### WORK ORDER
Transcribe, word for word, all of the entries below, and exclude any pictures from the copy.

### PROVIDED ENTRIES

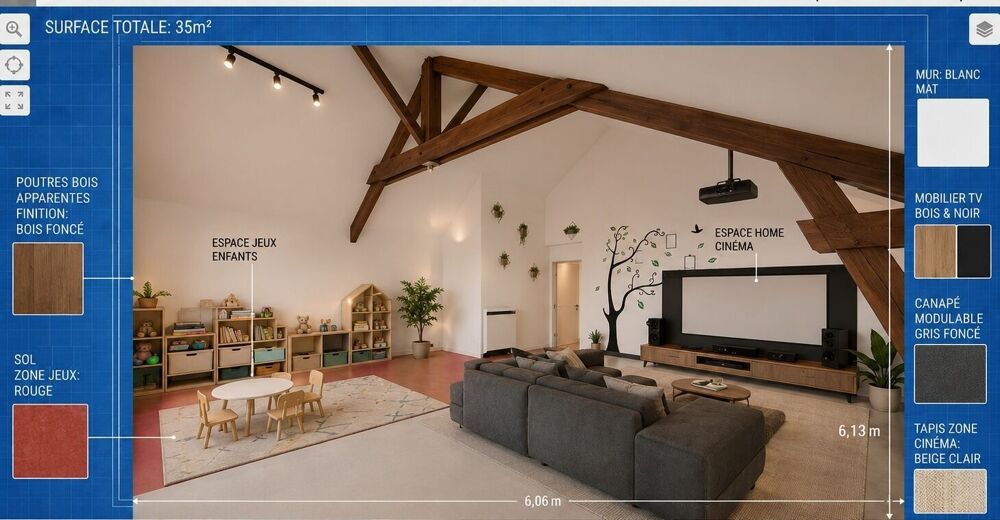 Maison familiale lumineuse 193 m² avec fort potentiel - 4/5 chambres - Grand jardin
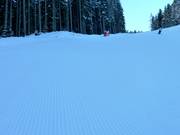 Very well-groomed slope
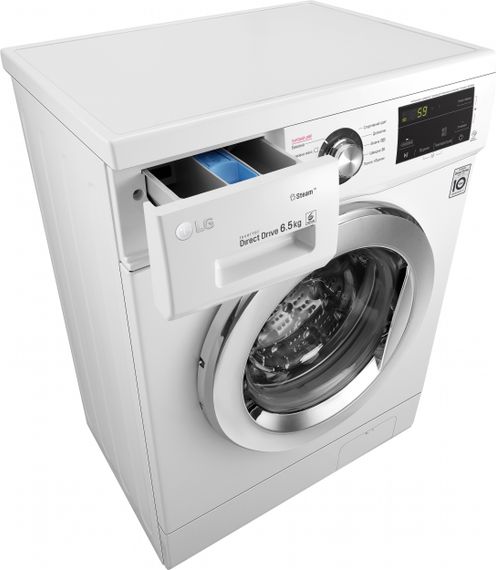 Стир. машина с фронт. загр. LG F2J3WS2W, 6,5кг, 1200, A+++, Пар, глубина 44см, Дисплей, Инвертор, Белый (F2J3WS2W) | Зображення 7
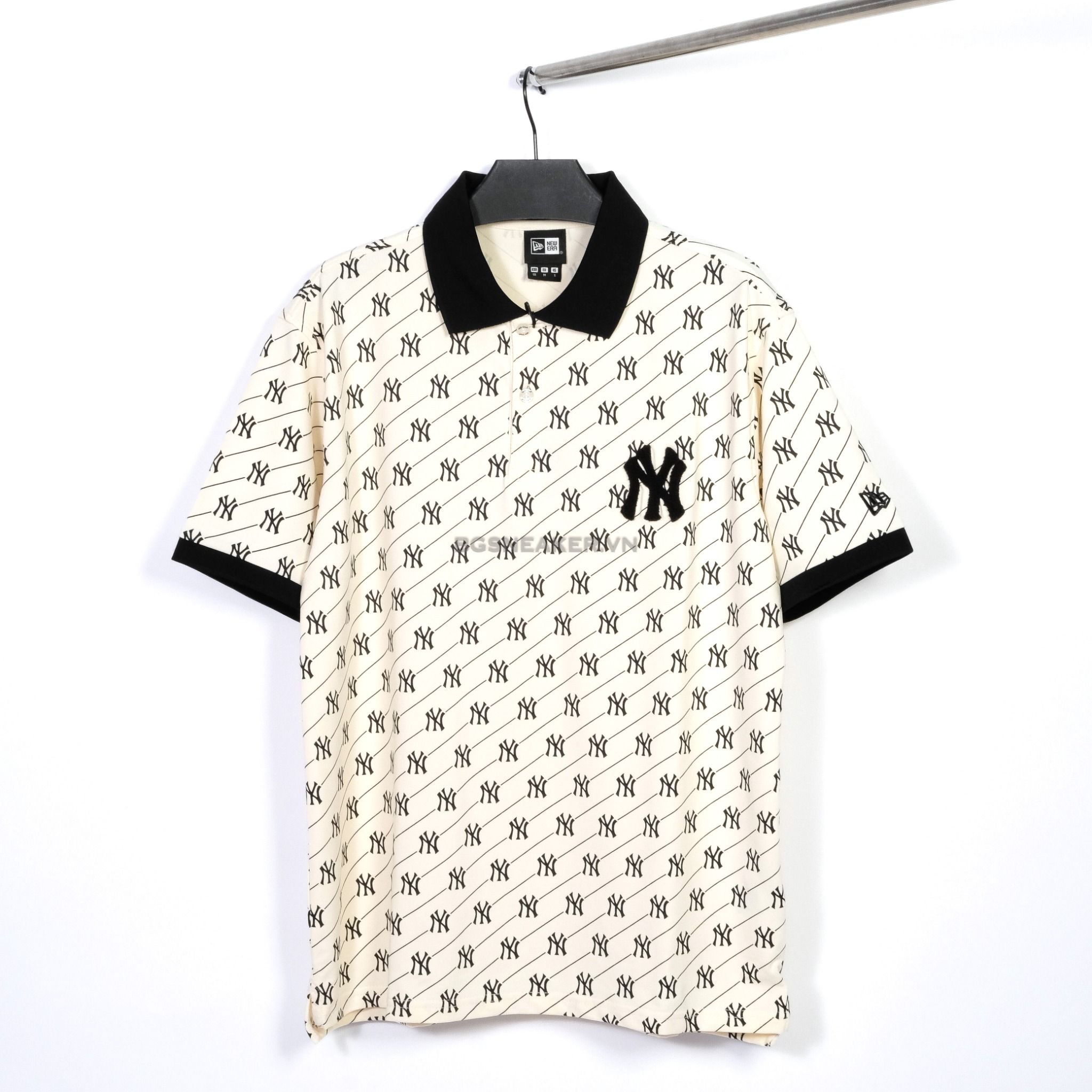  Áo Thun Polo New Era Mono Black White 15678423 
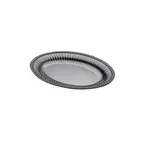 image of GET M1713OV-B Elite Global Solutions Platter, 17"L x 13"W x 1 3/4"H, Oval, Melamine, Black
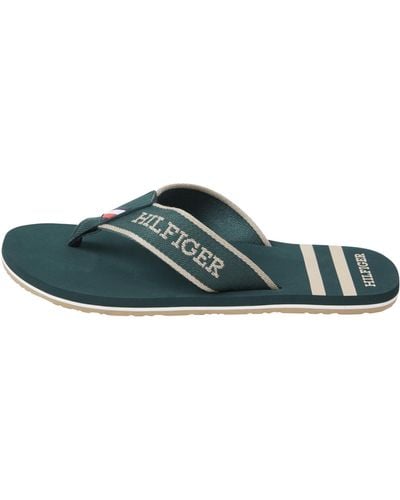 Tommy Hilfiger Sporty Hilfiger Beach Sandal Flip Flop - Green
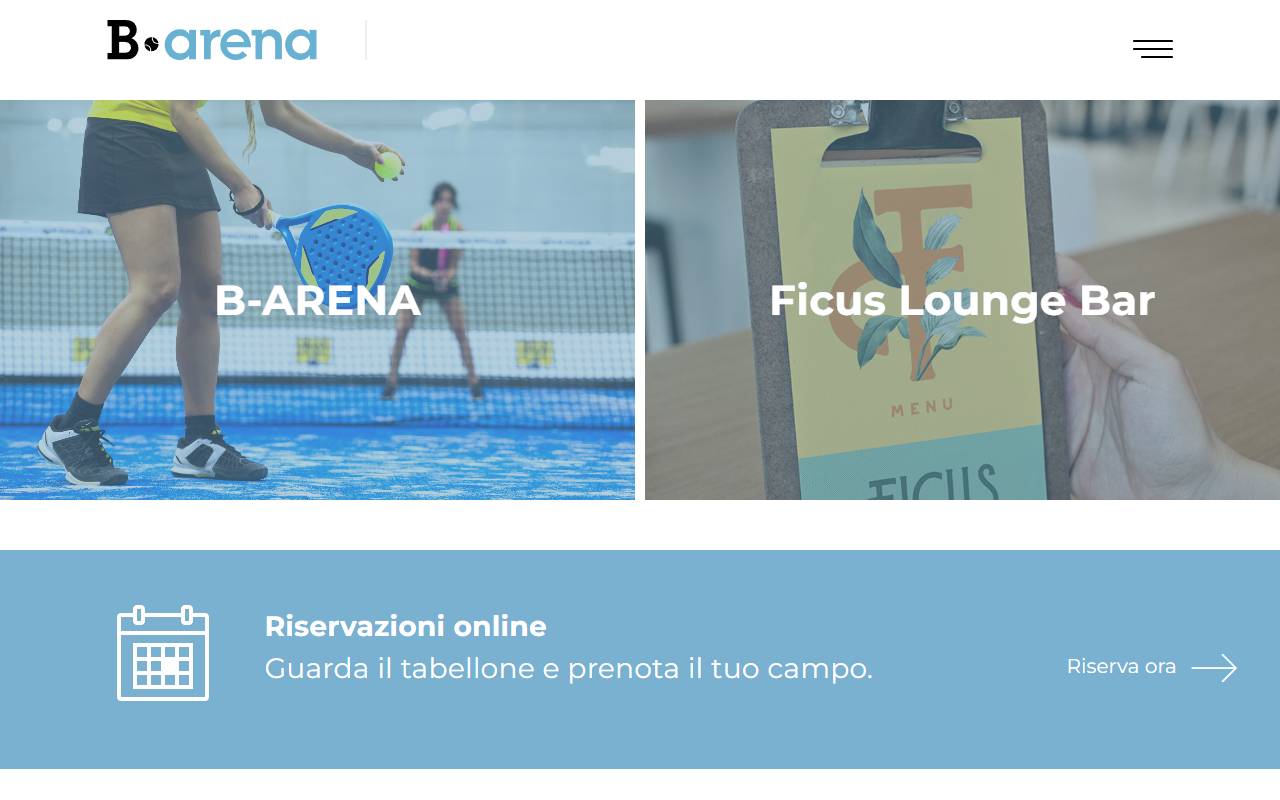 Anteprima del sito: B-Arena Sagl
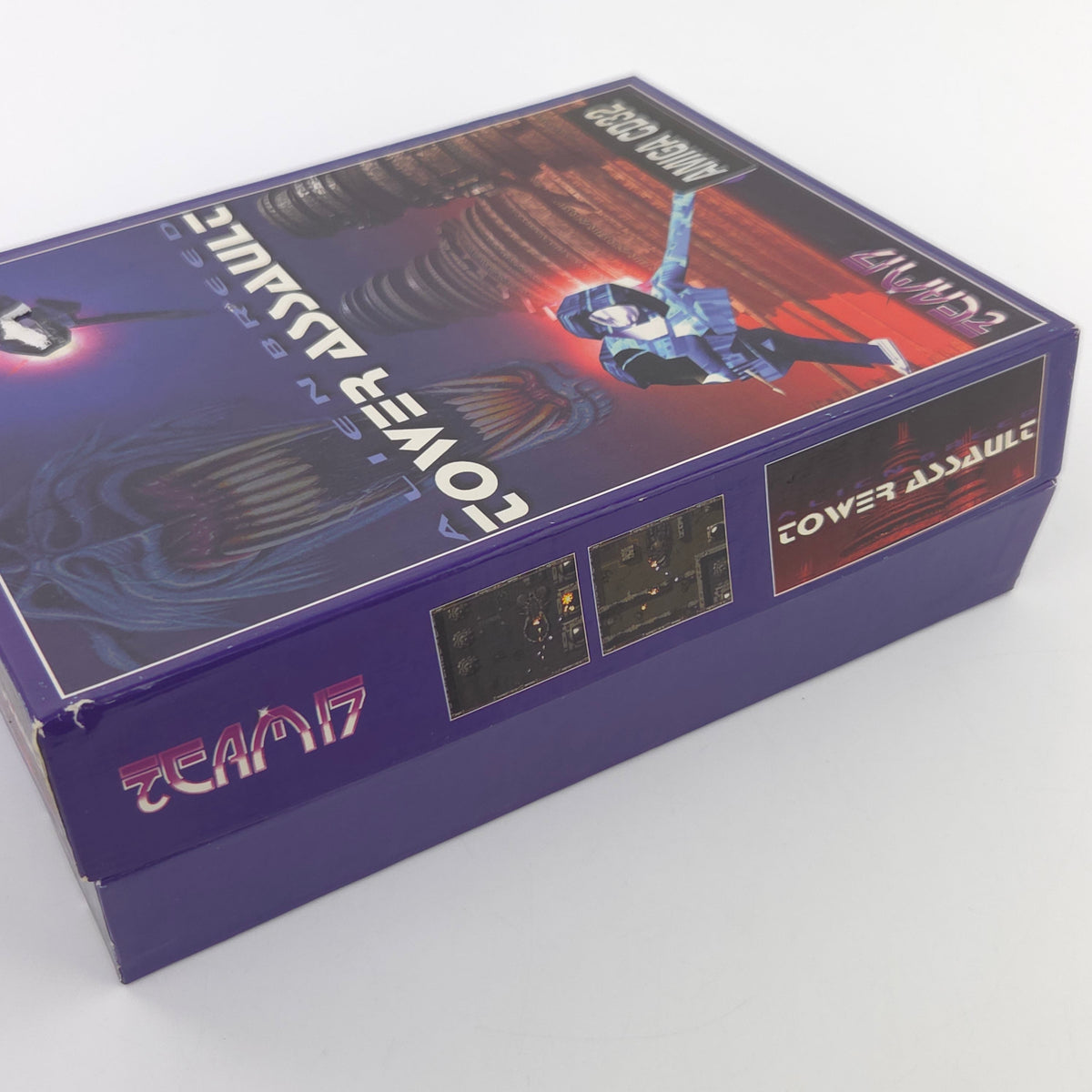 Amiga CD32 Spiel Alien Breed Tower Assault Big Box OVP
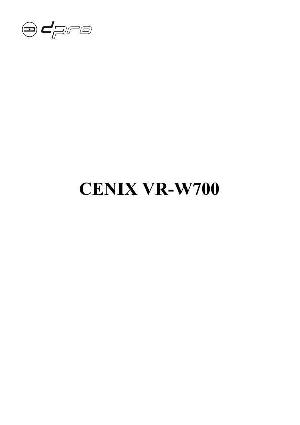 User manual Cenix VR-W700  ― Manual-Shop.ru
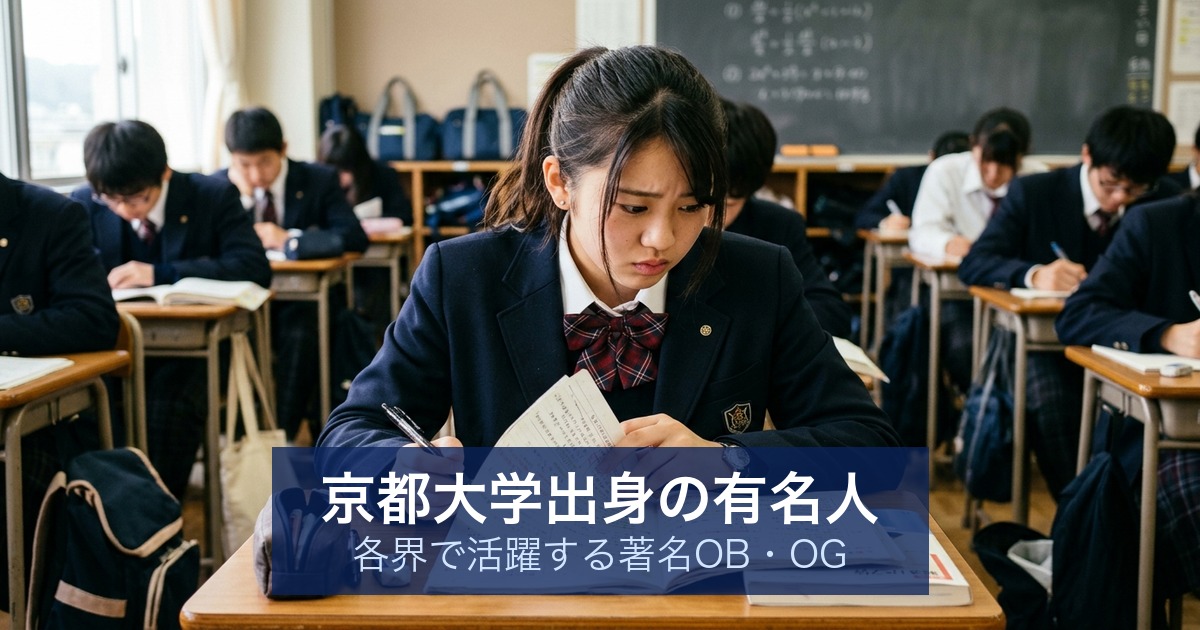 京都大学出身の有名人｜各界で活躍する著名OB・OG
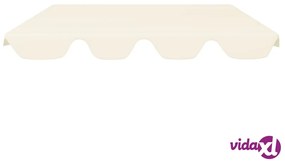 vidaXL Baldacchino per Dondolo Giardino Crema 188/168x110/145 cm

### WRITTEN RESPONSE
 Maison familiale lumineuse 193 m² avec fort potentiel - 4/5 chambres - Grand jardin
 Very well-groomed slope
 Стир. машина с фронт. загр. LG F2J3WS2W, 6,5кг, 1200, A+++, Пар, глубина 44см, Дисплей, Инвертор, Белый (F2J3WS2W) | Зображення 7
  Áo Thun Polo New Era Mono Black White 15678423 
 image of GET M1713OV-B Elite Global Solutions Platter, 17"L x 13"W x 1 3/4"H, Oval, Melamine, Black
 Tommy Hilfiger Sporty Hilfiger Beach Sandal Flip Flop - Green
 Anteprima del sito: B-Arena Sagl
 Amiga CD32 Spiel Alien Breed Tower Assault Big Box OVP
 User manual Cenix VR-W700  ― Manual-Shop.ru
 京都大学出身の有名人｜各界で活躍する著名OB・OG
 vidaXL Baldacchino per Dondolo Giardino Crema 188/168x110/145 cm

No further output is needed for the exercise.